Top of Records to process

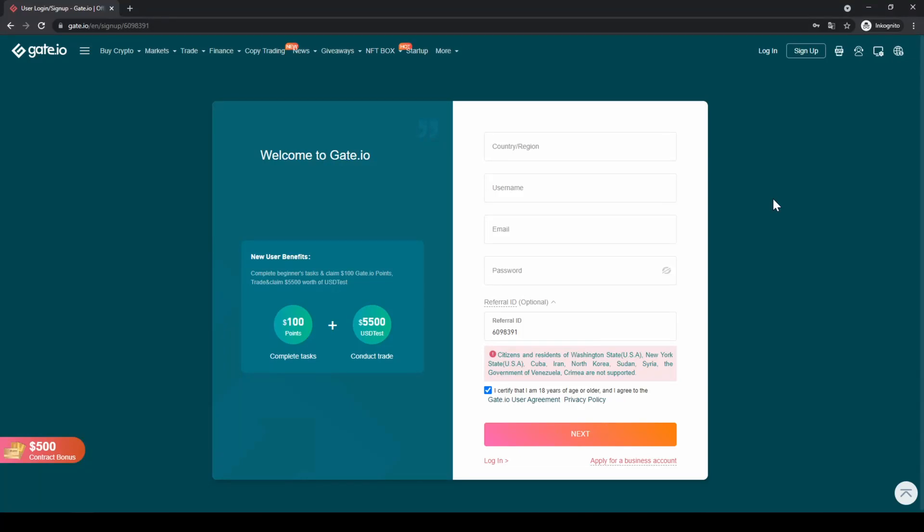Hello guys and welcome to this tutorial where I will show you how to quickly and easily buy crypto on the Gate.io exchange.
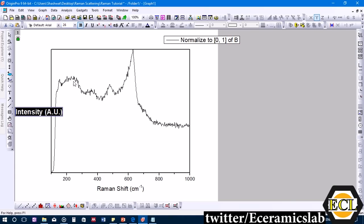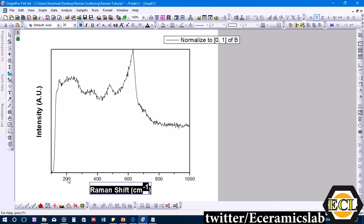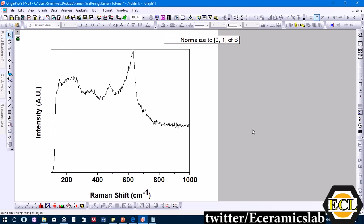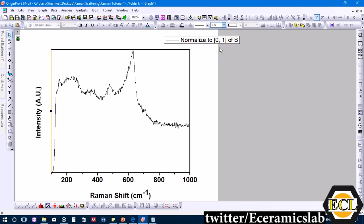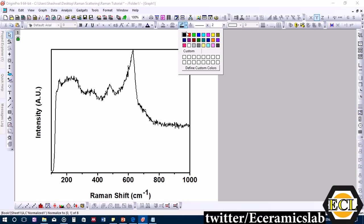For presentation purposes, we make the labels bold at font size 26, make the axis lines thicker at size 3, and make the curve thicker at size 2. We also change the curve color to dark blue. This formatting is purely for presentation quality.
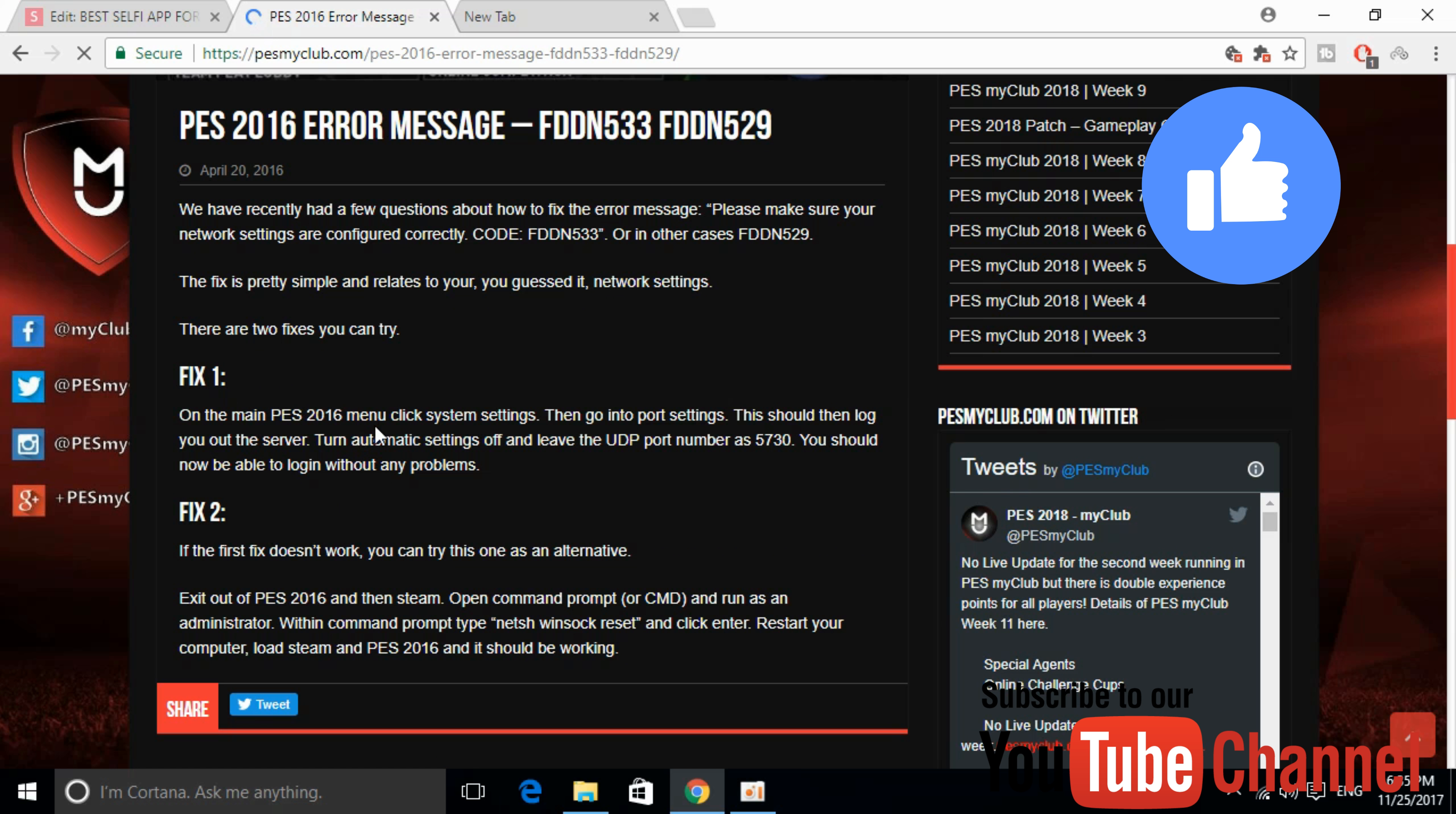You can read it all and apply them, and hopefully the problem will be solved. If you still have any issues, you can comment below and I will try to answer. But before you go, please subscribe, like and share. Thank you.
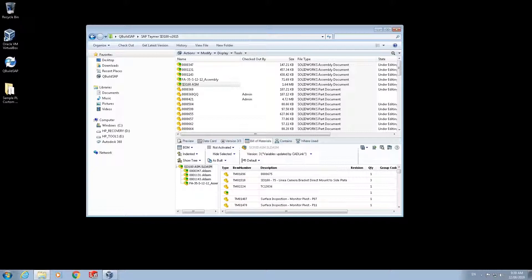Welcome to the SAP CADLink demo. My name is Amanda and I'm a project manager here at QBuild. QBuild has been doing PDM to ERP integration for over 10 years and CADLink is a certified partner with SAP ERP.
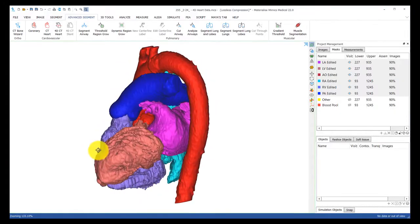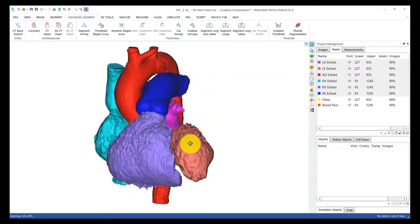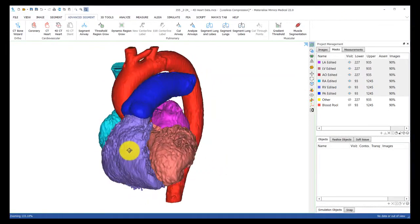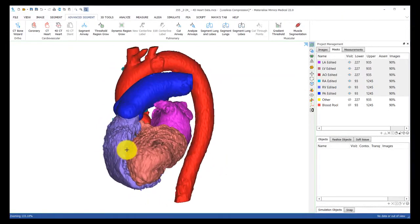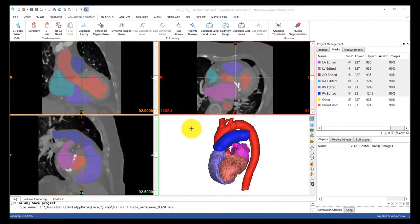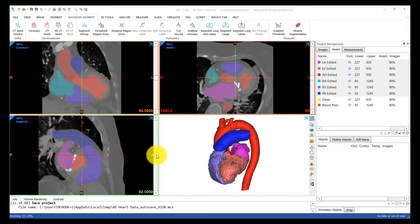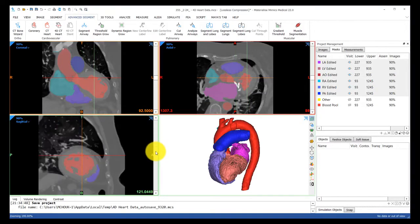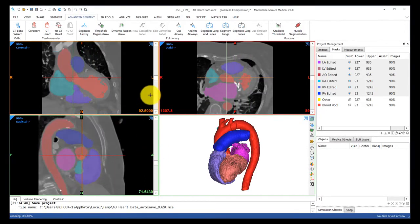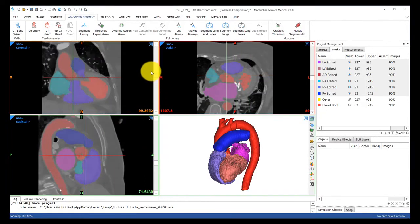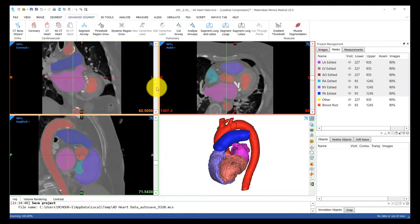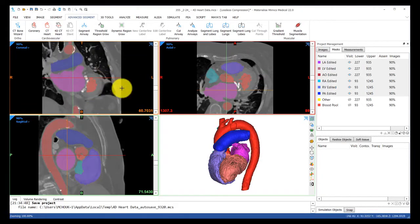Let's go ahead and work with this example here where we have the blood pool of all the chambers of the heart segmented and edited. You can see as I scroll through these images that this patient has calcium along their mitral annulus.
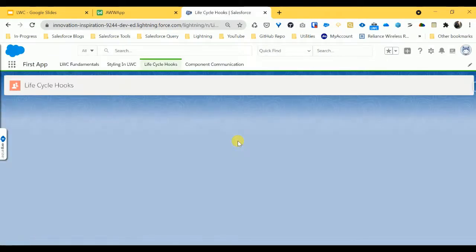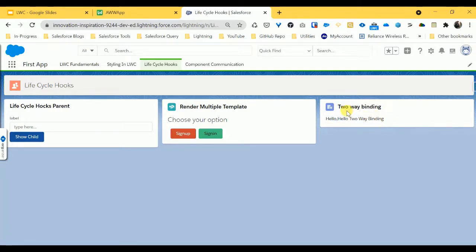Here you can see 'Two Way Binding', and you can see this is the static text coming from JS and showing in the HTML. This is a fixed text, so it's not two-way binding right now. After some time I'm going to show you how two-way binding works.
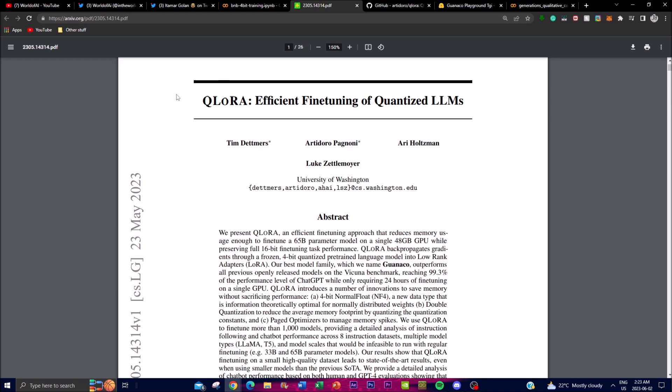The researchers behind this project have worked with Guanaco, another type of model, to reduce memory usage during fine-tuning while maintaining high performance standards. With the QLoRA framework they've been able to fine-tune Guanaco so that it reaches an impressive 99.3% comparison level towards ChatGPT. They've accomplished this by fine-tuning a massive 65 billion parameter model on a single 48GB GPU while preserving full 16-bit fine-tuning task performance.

Bottom of Records to process

**Aim of the exercise**:
Drop the pictures, then write out only the lines running from the one containing "Welcome to the" through the last line above, both included, exactly.

**Your solution**:
Welcome to the SAP CADLink demo. My name is Amanda and I'm a project manager here at QBuild. QBuild has been doing PDM to ERP integration for over 10 years and CADLink is a certified partner with SAP ERP.
Let's go ahead and work with this example here where we have the blood pool of all the chambers of the heart segmented and edited. You can see as I scroll through these images that this patient has calcium along their mitral annulus.
Here you can see 'Two Way Binding', and you can see this is the static text coming from JS and showing in the HTML. This is a fixed text, so it's not two-way binding right now. After some time I'm going to show you how two-way binding works.
The researchers behind this project have worked with Guanaco, another type of model, to reduce memory usage during fine-tuning while maintaining high performance standards. With the QLoRA framework they've been able to fine-tune Guanaco so that it reaches an impressive 99.3% comparison level towards ChatGPT. They've accomplished this by fine-tuning a massive 65 billion parameter model on a single 48GB GPU while preserving full 16-bit fine-tuning task performance.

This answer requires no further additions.